= Directions =
Please write out only the lines from the line with "Belt sportiv de alergare TRIZAND – negru" to the line with "Силіконова захисна накладка", inclusive, exactly as they stand below, without the pictures.
-- Opening Marker --
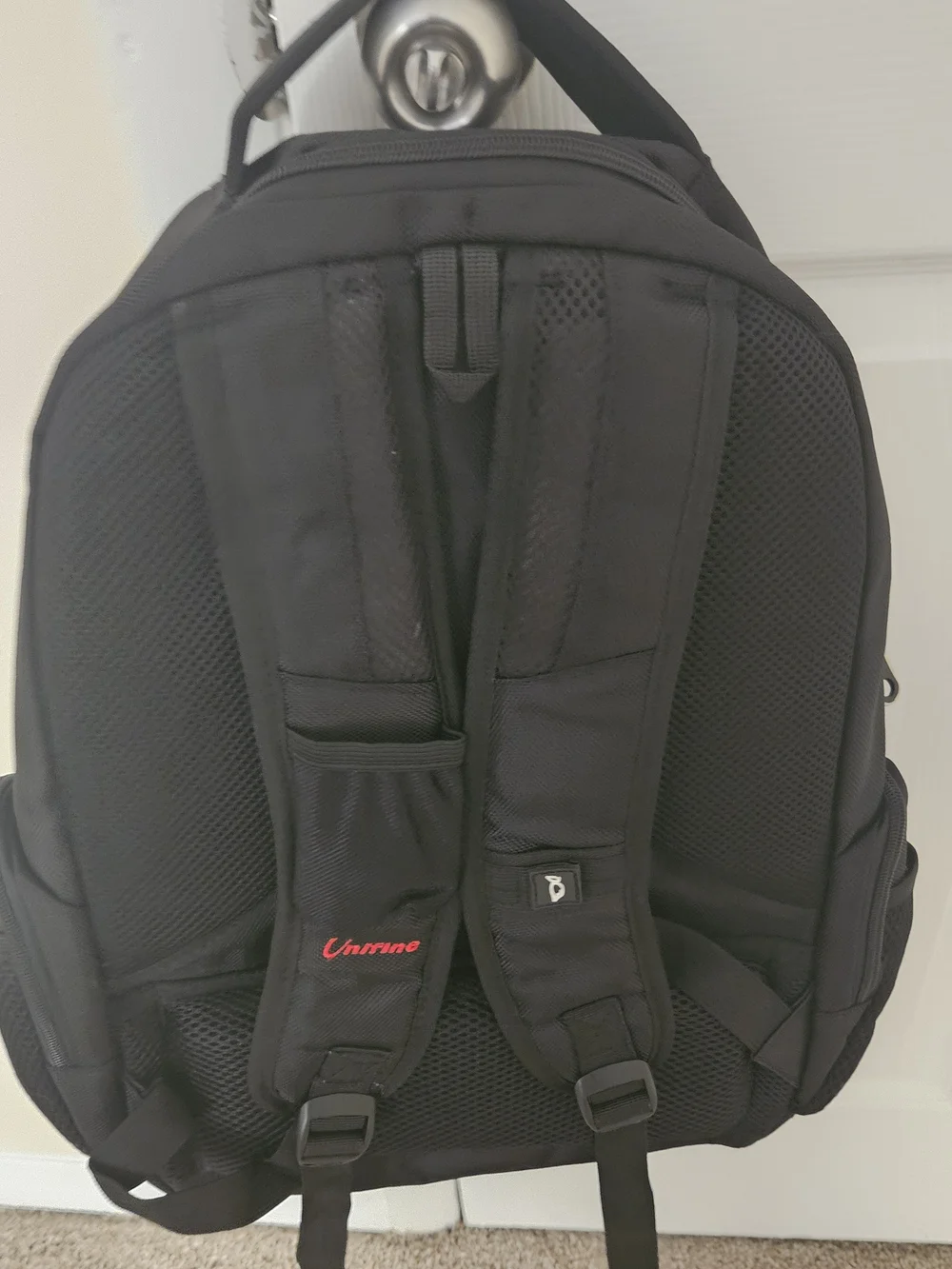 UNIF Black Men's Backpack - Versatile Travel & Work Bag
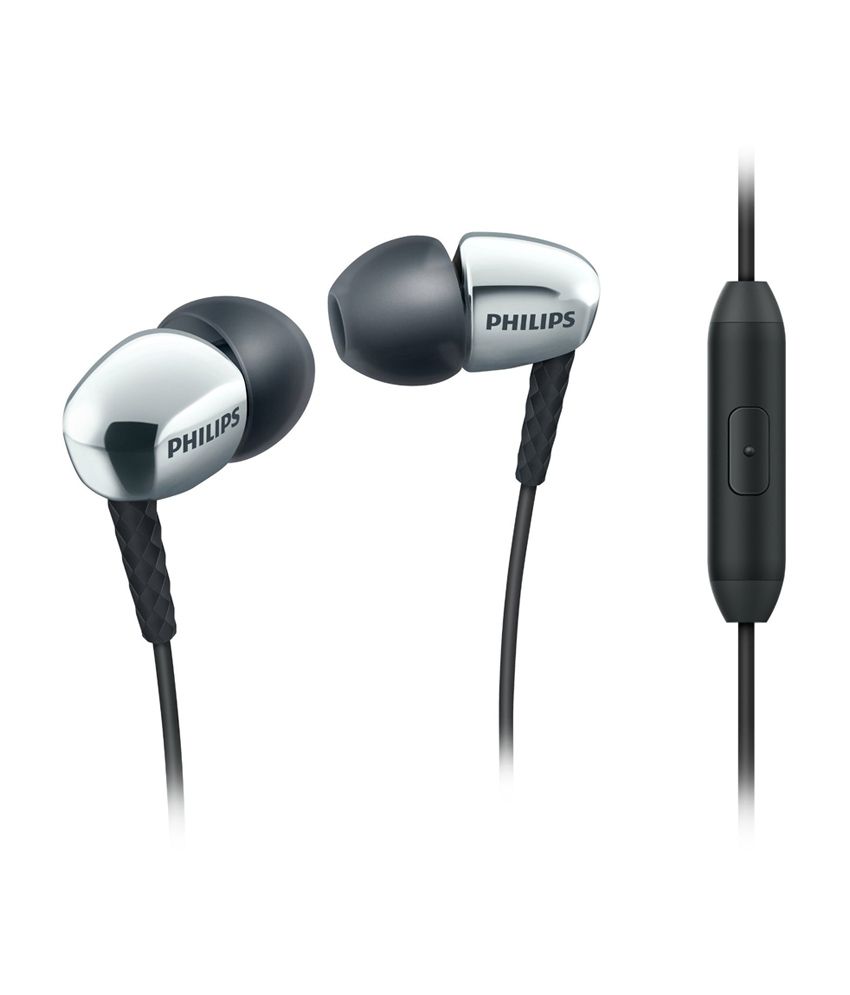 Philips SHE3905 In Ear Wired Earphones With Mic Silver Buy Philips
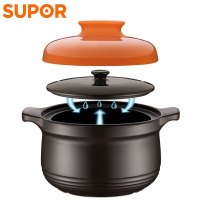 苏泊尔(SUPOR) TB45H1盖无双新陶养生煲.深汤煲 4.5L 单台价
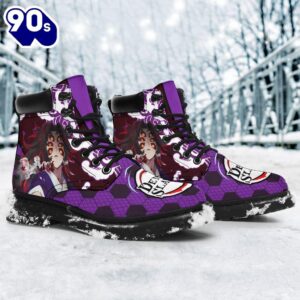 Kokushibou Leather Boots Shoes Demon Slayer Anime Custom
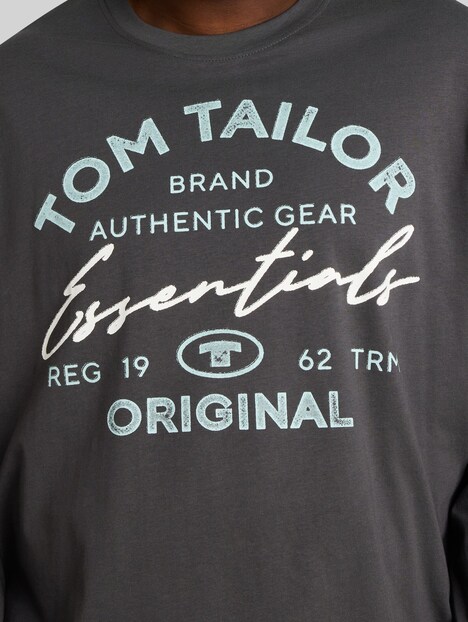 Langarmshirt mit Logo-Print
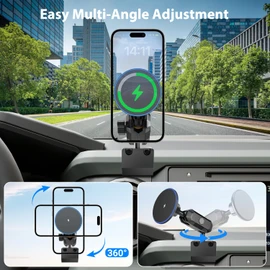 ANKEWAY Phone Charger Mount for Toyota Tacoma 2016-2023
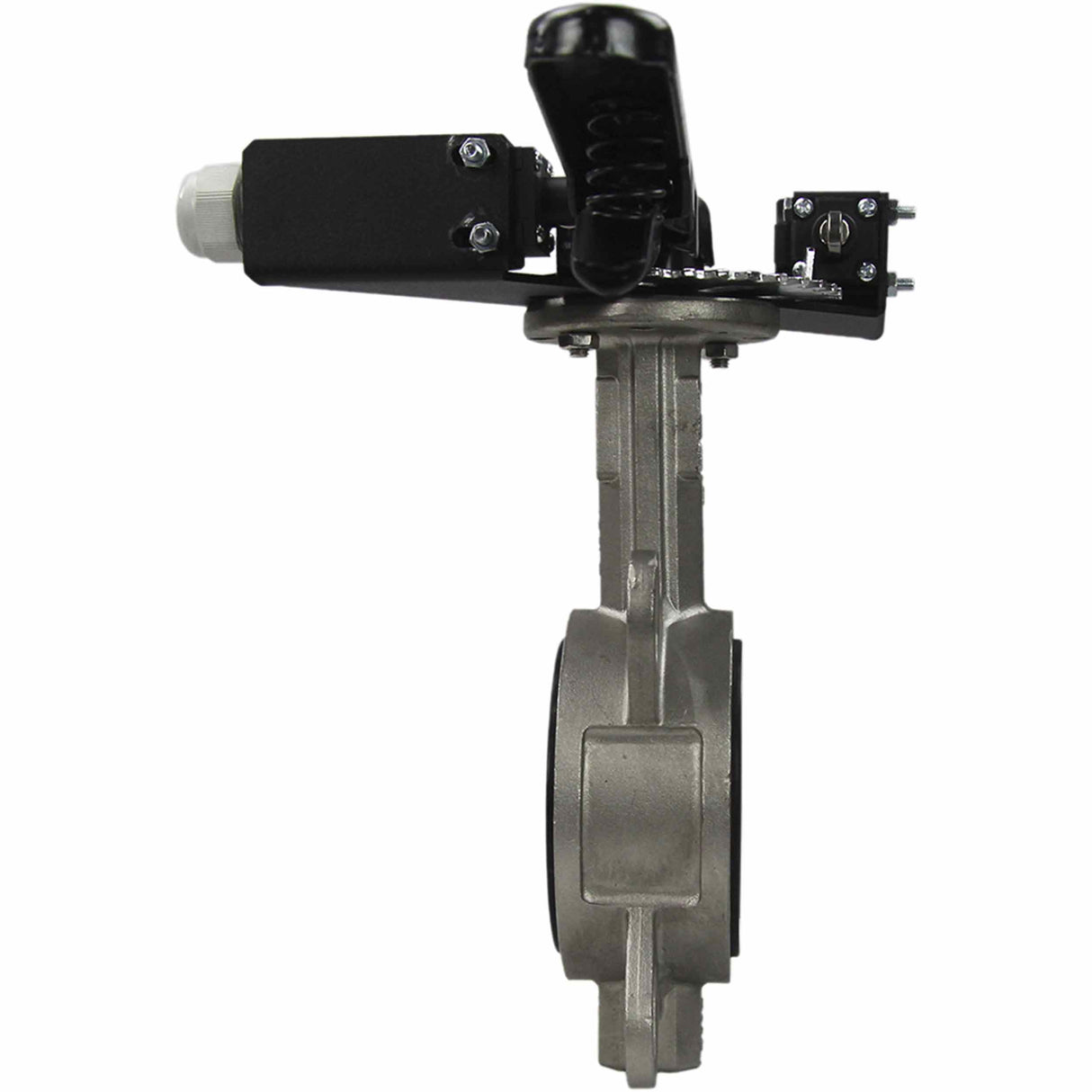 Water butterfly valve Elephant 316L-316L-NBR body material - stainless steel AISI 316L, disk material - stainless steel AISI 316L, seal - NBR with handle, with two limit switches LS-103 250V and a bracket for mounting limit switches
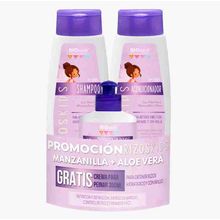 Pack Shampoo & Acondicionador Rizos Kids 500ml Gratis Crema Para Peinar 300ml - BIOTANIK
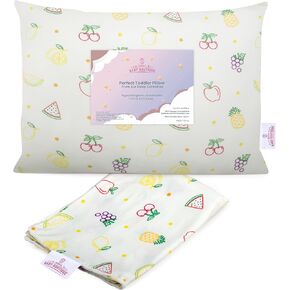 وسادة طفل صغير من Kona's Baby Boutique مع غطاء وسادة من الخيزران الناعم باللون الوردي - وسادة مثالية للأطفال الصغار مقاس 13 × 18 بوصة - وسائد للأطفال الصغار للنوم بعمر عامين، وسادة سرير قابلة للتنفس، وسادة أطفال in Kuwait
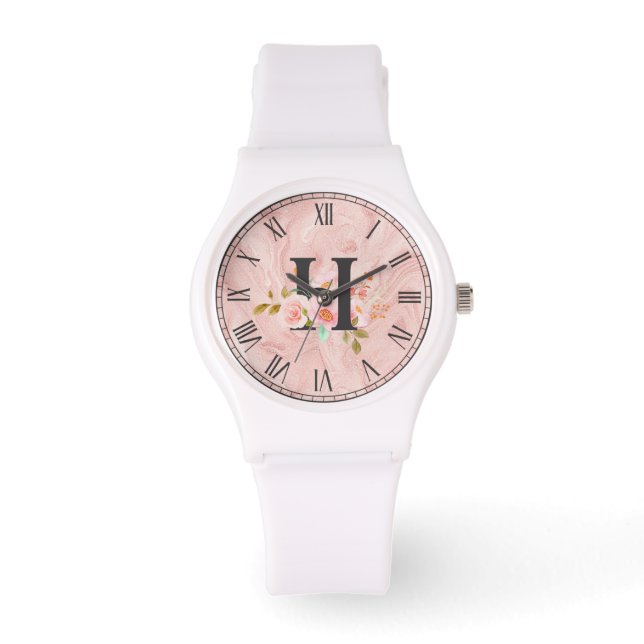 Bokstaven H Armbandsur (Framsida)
-- Closing Marker --
-- Opening Marker --
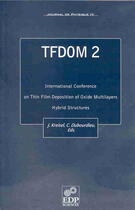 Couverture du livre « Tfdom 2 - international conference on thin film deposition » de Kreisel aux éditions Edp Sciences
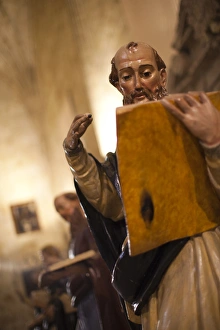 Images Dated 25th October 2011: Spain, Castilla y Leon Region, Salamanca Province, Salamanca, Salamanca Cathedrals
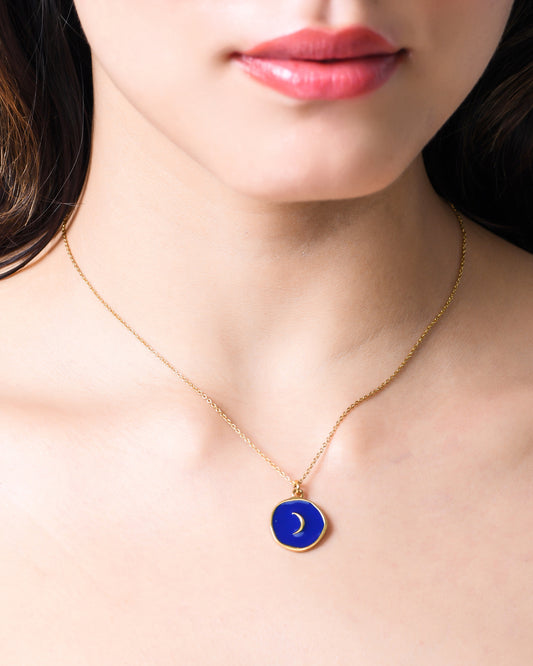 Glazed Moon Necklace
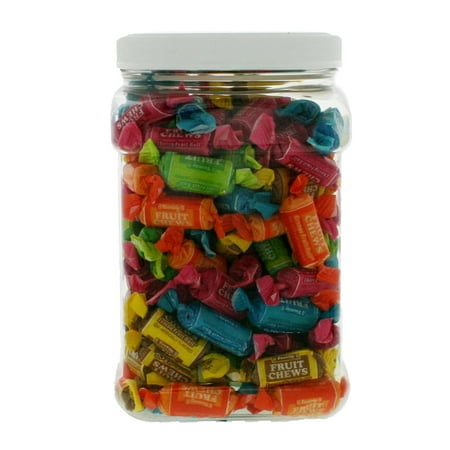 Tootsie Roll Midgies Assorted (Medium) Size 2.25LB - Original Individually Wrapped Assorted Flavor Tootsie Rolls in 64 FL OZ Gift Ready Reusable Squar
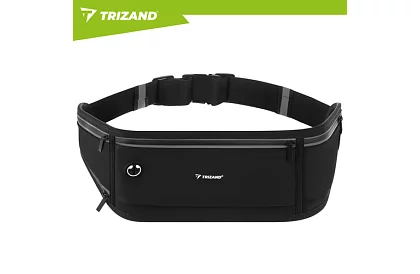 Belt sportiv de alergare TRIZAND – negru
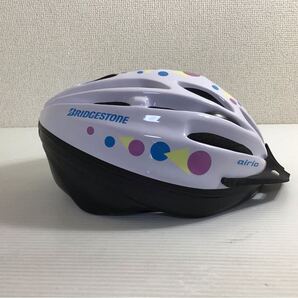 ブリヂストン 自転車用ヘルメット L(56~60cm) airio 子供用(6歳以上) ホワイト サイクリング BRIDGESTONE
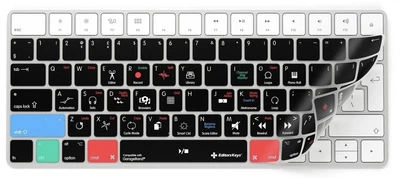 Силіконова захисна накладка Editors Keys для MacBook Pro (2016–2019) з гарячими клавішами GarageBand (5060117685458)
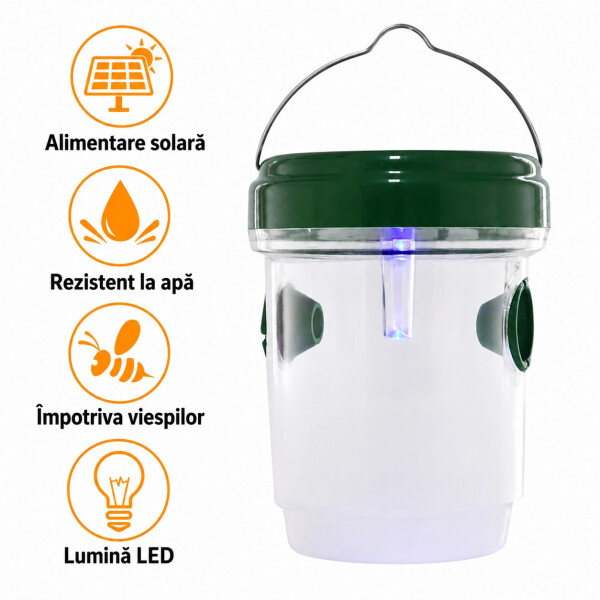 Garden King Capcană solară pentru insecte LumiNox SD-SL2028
-- Closing Marker --
= Task response =
 Belt sportiv de alergare TRIZAND – negru
 ブリヂストン 自転車用ヘルメット L(56~60cm) airio 子供用(6歳以上) ホワイト サイクリング BRIDGESTONE
 Силіконова захисна накладка Editors Keys для MacBook Pro (2016–2019) з гарячими клавішами GarageBand (5060117685458)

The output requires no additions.